▶ **What you are asked to do**:
Your answer must consist solely of the line containing "ORI หนังแท้ |" and each line after it through the end of the data, copied exactly.

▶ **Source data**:
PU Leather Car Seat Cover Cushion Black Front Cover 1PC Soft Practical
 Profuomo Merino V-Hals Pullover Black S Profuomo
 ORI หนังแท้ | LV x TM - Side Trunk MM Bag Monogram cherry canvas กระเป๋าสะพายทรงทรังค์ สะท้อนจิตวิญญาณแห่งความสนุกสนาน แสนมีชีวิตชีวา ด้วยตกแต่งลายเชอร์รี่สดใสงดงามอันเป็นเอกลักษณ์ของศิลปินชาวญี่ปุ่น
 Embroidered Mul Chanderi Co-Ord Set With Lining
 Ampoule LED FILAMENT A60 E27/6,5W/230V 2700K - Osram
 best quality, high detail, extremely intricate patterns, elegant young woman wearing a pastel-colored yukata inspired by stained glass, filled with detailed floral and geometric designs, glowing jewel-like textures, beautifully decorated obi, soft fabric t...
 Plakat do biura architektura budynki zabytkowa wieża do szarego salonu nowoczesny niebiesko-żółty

▶ **Problem solution**:
 ORI หนังแท้ | LV x TM - Side Trunk MM Bag Monogram cherry canvas กระเป๋าสะพายทรงทรังค์ สะท้อนจิตวิญญาณแห่งความสนุกสนาน แสนมีชีวิตชีวา ด้วยตกแต่งลายเชอร์รี่สดใสงดงามอันเป็นเอกลักษณ์ของศิลปินชาวญี่ปุ่น
 Embroidered Mul Chanderi Co-Ord Set With Lining
 Ampoule LED FILAMENT A60 E27/6,5W/230V 2700K - Osram
 best quality, high detail, extremely intricate patterns, elegant young woman wearing a pastel-colored yukata inspired by stained glass, filled with detailed floral and geometric designs, glowing jewel-like textures, beautifully decorated obi, soft fabric t...
 Plakat do biura architektura budynki zabytkowa wieża do szarego salonu nowoczesny niebiesko-żółty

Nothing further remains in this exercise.